Еще один аспект соотношения пути Тамино и пути Папагено заключается в их действенности. В опере, несмотря на декларацию великих ценностей Учения, Мудрости, Искусства и прочих атрибутов Храма Мудрости, постоянно возникает сюжет пассивности и беспомощности Тамино и активных действий Папагено, которые помогают разрешить сюжетные коллизии. Принц пассивен с самого начала, когда он лежит без сознания, а над ним воркуют служительницы Царицы ночи, он находится в некоем абстрактном поиске. пока Папагено помогает Памине убежать от преследующего ее Моностатоса, а наиболее ярким свидетельством бессилия принца в жизненных сложностях является эпизод с флейтой: Тамино играет на волшебной флейте, все звери танцуют под ее мелодию, но Памины нет, о чем принц сокрушается, пока не слышит мотив Папагено, который активно спасает девушку и использует свои «глоккеншпиле» (колокольчики) чтобы подчинить их власти преследующих ее приспешников злодея Моностатоса.
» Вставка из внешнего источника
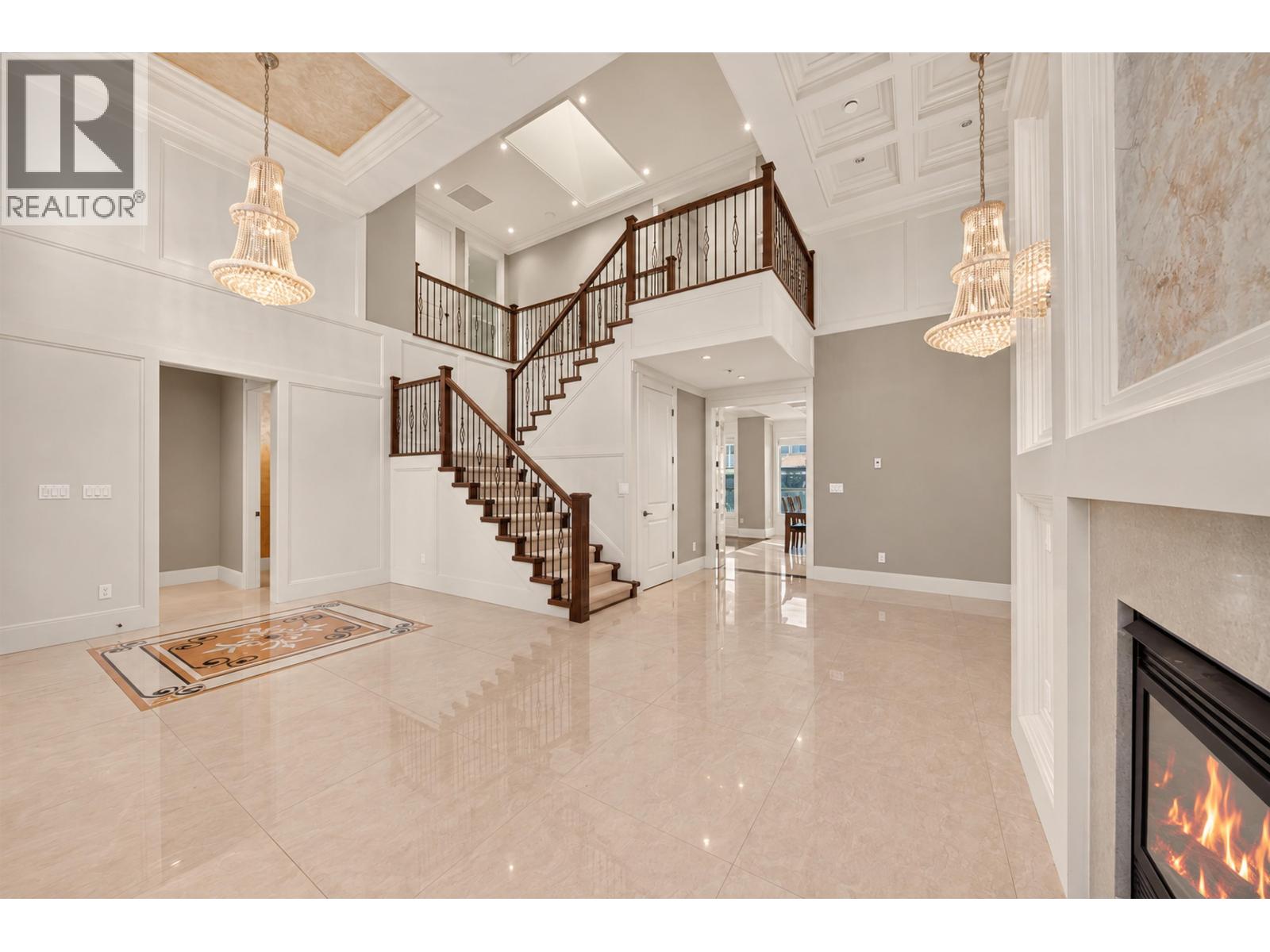 6211 Bellflower Drive Property Photo 7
В данном случае бинарная оппозиция трансцендентности/обыденности оборачивается другой стороной – противопоставлением пассивности и активности, что делает соотношение жизненного пути Тамино и Папагено не столь простым, как это может показаться на первый взгляд.
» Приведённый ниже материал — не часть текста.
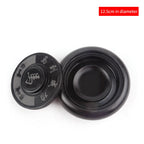 6 Inch 8 inch anhui Handmade Inkstone Water Ripple Ink Stone Natural Inkstone Traditional Painting Calligraphy Special Ink Stone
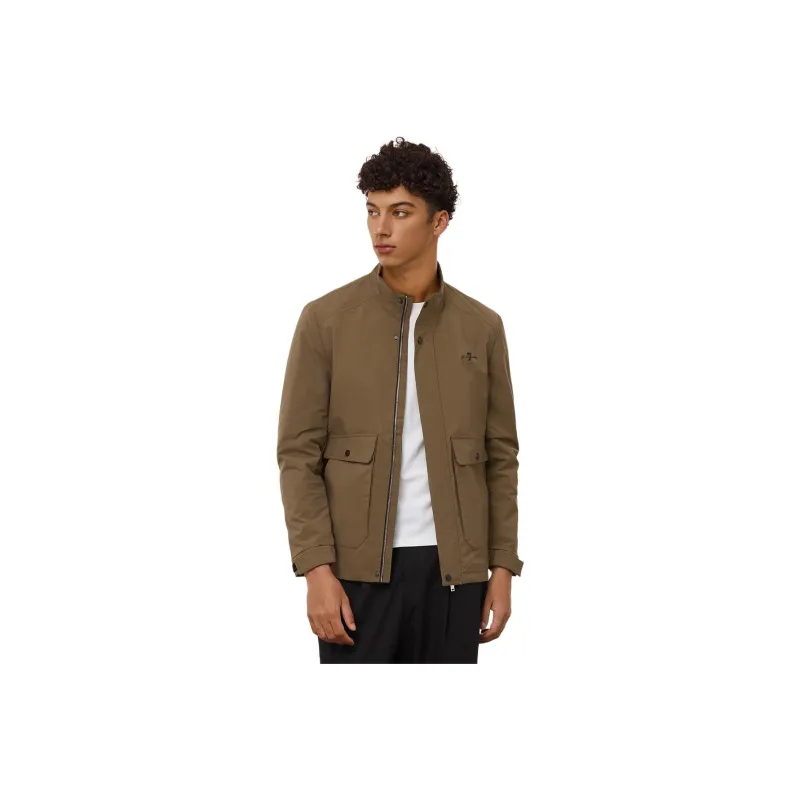 7 FOR ALL MANKIND Jackets Coats Men's-4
«Волшебная флейта» в сценическом воплощении

Опера – искусство сценическое, и наши рассуждения нуждаются в подкреплении постановочной практикой. Из многочисленных версий «Волшебной флейты», как отечественных, так и зарубежных, можно назвать несколько, которые в большей степени соответствуют различной смысловой доминанте, выделенной авторами постановки. Если говорить о «Флейте» как о сказке, замечательным воплощением этой стороны оперы стал, на наш взгляд (наш – поскольку взгляд автора по отношению к художественному тексту всегда в той или иной мере субъективен), спектакль, поставленный Питером Устиновым (Гамбургская опера, 1971). В этом спектакле с большим эстетическим вкусом и тонким юмором визуализированы все сказочные элементы «Флейты» – светлые, отделанные золотом костюмы положительных и «благородных» персонажей, контрастирующие черные одеяния Царицы Ночи и ее окружения, сказочно-экзотические наряды Папагено и Папагены, злодейски-условный угольно-черный Моностатос и, конечно, невероятно забавные и фантастические представители животного мира. Все они сливаются в феерию сказочно-условного мира, где происходят необходимые для волшебной сказки нарративные ходы и столкновения «положительных» и «отрицательных» персонажей с необходимой счастливой развязкой – обретением Принцем (Николай Гедда) Принцессы (Эдит Матис) и общим торжеством Добра. Не будучи специфически адресован к детской аудитории, спектакль Питера Устинова являет пример универсализма гениальной музыки, которая, в данной интерпретации, может быть одинакова интересна и детям, и взрослым, преодолевая, пусть на время, столь серьезную проблему как разрыв между поколениями, весьма сильно ощущающийся в области музыкальных вкусов.